Mi fermo a guardarlo nel silenzio e mi pervade lentamente le ossa, il cuore, i pensieri con un fuoco incandescente.
Gesù non si lascia soltanto contemplare. Va oltre. Nessuno può andare così oltre. Permette a tutti noi di accostarci al Roveto. Tutti possiamo mangiare la Carne del Signore. Tutti possiamo dissetarci e inebriarci al Sangue del Signore.
“Beati voi che siete invitati alla Cena. Ve lo avevo promesso che avrei cenato con voi. Era sufficiente farmi entrare dentro la vostra casa”.
Una casa che è comunità rallegrata dallo Spirito.

Non ci trovi asprezze, sdegno, ira, grida e maldicenze, Trovi benevolenza reciproca, misericordia, perdono.
Trovi cammino condiviso, dono della vita per gli altri, come ha fatto il nostro Maestro.
Senza una casa costruita sulla roccia dell'amore, non è possibile celebrare il Pane di Vita e il Sangue della gioia. Si potrà soltanto continuare a trascinare stancamente un progetto che non è quello del Signore.
Gesù, ci fa trovare, tuttavia, il Pane cotto su pietre infuocate e l'acqua che scorre e disseta, restituendo fiducia a noi, famiglia fragile, famiglia che, nonostante le povertà, si accoglie.

Scruta, Gesù, l'angoscia del mio cuore. E' invaso da una stanchezza che mi fa camminare ramingo come Elia, il disperato di Dio. I piedi sono stanchi e induriti. La sete è il grido del mio corpo. La fame di Pane è l'elemosina che mi spinge a chiedere. Fino ad umiliarmi davanti a Te, Gesù.
Che strana e assurda esperienza: provare vergogna nel domandarti un pezzo di Pane. Solo un pezzo.
Un boccone di quelli che hai distribuito ai tuoi amici nella Cena dell'amore.
Scruta, Gesù, le pagine del mio cuore. La fuga e lo smarrimento mi annebbiano la vista. Dove voglio arrivare senza di Te, io che sono stato scelto da Te per annunciare le tue parole? Non lo so. Mi butto su un materasso di terra. Tu ti avvicini, Gesù, e, nella calma del tuo silenzio, mi aiuti a decifrare le paure e i fallimenti. Devo soltanto ascoltarti in questo dialogo sospeso sul mio animo.
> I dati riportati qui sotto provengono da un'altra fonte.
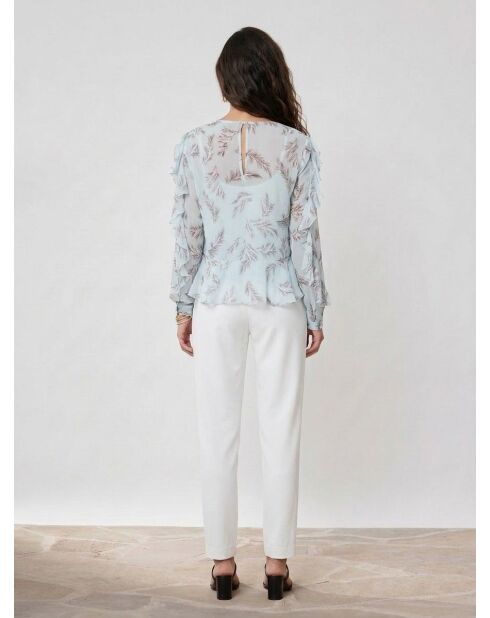 Glamour soepelvallende blouse met print vloeiend hemelsblauw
Parli e mi sveli tutto di me, negli anfratti della mia anima.
Le notti della prova sono tremende. Le tue luci, in quelle notti, sono una dolcezza.
Accendi le lampade per la Cena intima. Mi offri il tuo Corpo e mi fai gustare il tuo Sangue. A lungo, finché non sia arrivata “l'Ora”.
Io so cosa significhi l'incontro con Te. Nel silenzio. Quale rischio si corre. Quale rivoluzione scatena.
Quale subbuglio provoca. Quale dolore ravviva. Quale dolcezza restituisce. Gesù, col tuo Cibo mi sento forte. Aiutami ad arrivare fino al Monte. Per trovare il Roveto. Per trovare la Trasfigurazione. Per trovare le beatitudini. Per trovare la croce.
Il Cireneo per me sei Tu, Gesù. Il Samaritano misericordioso per me, sei Tu, Gesù. Il Pane che mi dà il coraggio di camminare, sei Tu, Gesù. Fammi trovare ogni volta questo Pane. Quando mi fermo e mi assopisco, c'è il Pane. Quando scappo e Tu mi insegui, porti con Te il Pane. Mi basta, Gesù.
Anche perché ogni volta che imbandisci la mensa del Tuo Pane, sei sempre Tu a spezzarlo, e ti fai riconoscere.